Darcy's Story

When six-year-old Darcy died suddenly in January 2019, Darcy’s family found solace in the darkest of times at Martin House, where they spent four days coming to terms with her loss.

Darcy was diagnosed just before she was one with VACTERAL association. Although Darcy’s main health concern was her heart, her condition wasn’t life-shortened. She could, however, be very poorly.

“She was just amazing. She was so full of life and made the most out of every experience”, said Emily, Darcy’s mum.

In January 2019, Emily was due to give birth to her second child, Bea.

“Darcy was so excited to be a big sister. She guessed that I was pregnant before I told her. Every day, she’d eagerly ask me if Bea was arriving that day!”

But just five days after baby Bea was born and the family had returned home from the hospital, Darcy fainted.

Doctors performed a heart scan which showed that Darcy’s heart was relaxed. The family planned to stay overnight, to then be transferred to a Leeds hospital the next day, but that same evening, Darcy blacked out again and her heart stopped beating.

The doctors tried CPR on Darcy for 45 minutes, but she couldn’t be resuscitated. Darcy died on 24th January 2019.

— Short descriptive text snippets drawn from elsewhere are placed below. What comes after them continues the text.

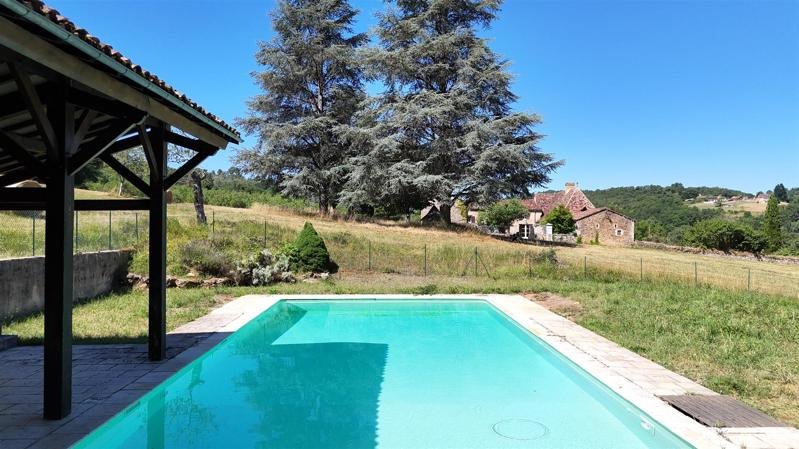 Vente Maison LE BUISSON DE CADOUIN - 8 pièces -286 m² - (24480)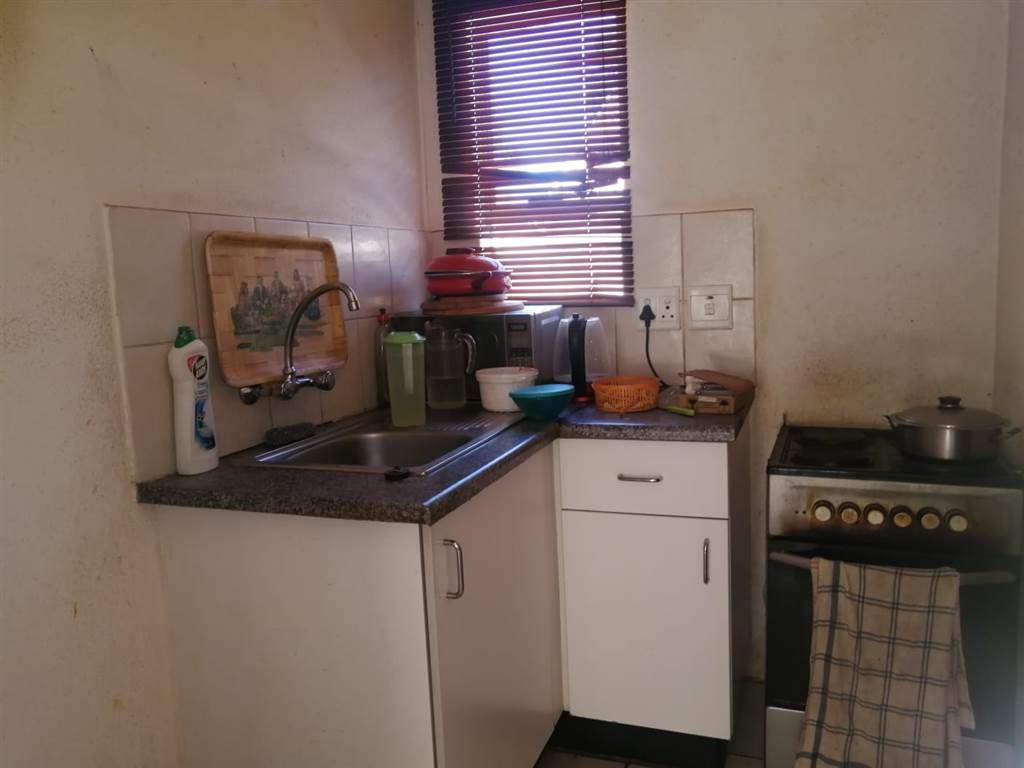 2 Bed House in Lenasia South photo number 8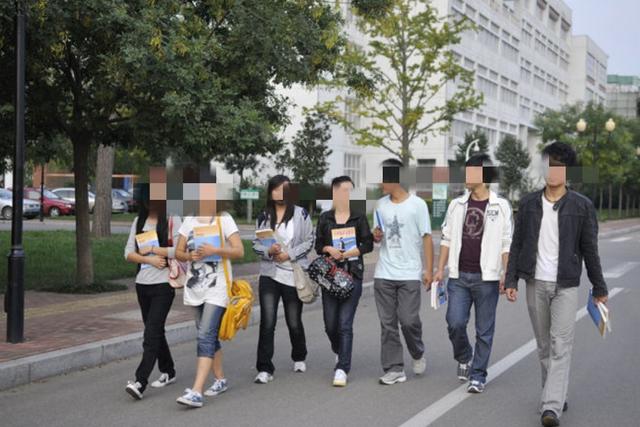 兒子結婚因彩禮欠下8萬，老人外出拾荒兩年，終將欠款還清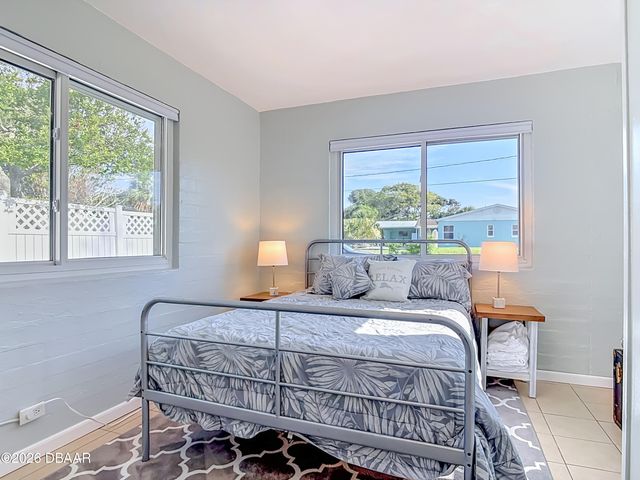 1621 N Oleander Avenue, Daytona Beach, FL 32118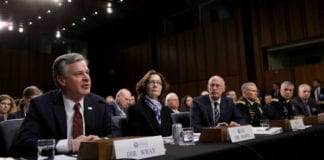 Video TT Trump chê tình báo Mỹ 'thụ động và ngây thơ, cần đi học lại'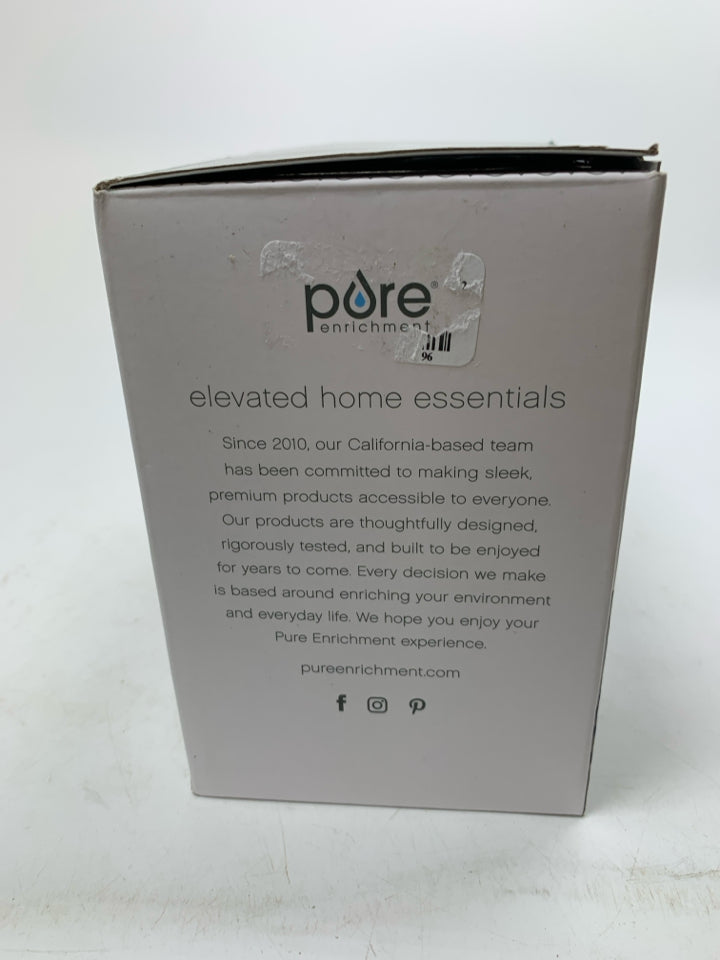NIB PURE PURESPA ESSENCE AROMATHERAPY OIL DIFFUSER.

“Shortly after Darcy died, we were approached by the bereavement support team at the hospital and they said: ‘There’s a place called Martin House and you can go there with Darcy.’

“I didn’t want to prolong the agony of losing her, but at the same time, I felt we might regret having the opportunity to spend more time with Darcy and the chance to get our heads around everything.

“As we were walking through the corridor, there was a lady who introduced us to other members of staff by saying: “This is Darcy’s mum and dad”. I’d had the distressing thought that because Darcy was gone, I was done being her mum now, but the fact that they referred to Darcy by her name was really special.”

Darcy used a cooled bedroom at Martin House and Emily and her partner, Kristian, were told about what Martin House could offer them and how the days ahead could look.

“We made beautiful artwork that symbolised our whole family. One of our most treasured possessions is a canvas with Darcy’s footprint used as a tree trunk, and our handprints making up the branches. We also made Christmas baubles using both Darcy and Bea’s fingertips.

“Everyone was so kind and allowed you space to talk about Darcy as a person, not about what had happened. It’s almost like we could forget it all for a moment. It was completely our experience. It sounds strange, but we were sat at the art table laughing as we shared memories of Darcy with the team.

“Each day we’d go downstairs and say good morning to Darcy and spend time just sitting with her, playing her favourite music, while having the space to do the practical things, including arranging her funeral.

“At Martin House, we saw pure joy and happiness – it was like a different world. We couldn’t help but feel comforted by the joy we were seeing. Darcy would have loved it here.

“The bereavement team contacted us shortly after Darcy’s funeral just to let us know they were there as and when we needed them. We made an appointment for later in the year, and just to have that in the calendar was so important for us, knowing we would be returning to Martin House for the help we so desperately needed.

“When people describe Martin House as a home away from home, it’s just that, and when Darcy died, it felt more homely than our own home. My perception of a hospice was that it wasn’t a very nice place and I don’t know what I expected, but I didn’t expect what we came to experience. As soon as we arrived, I looked around the entrance and my worst fears disappeared. I just felt warmth.”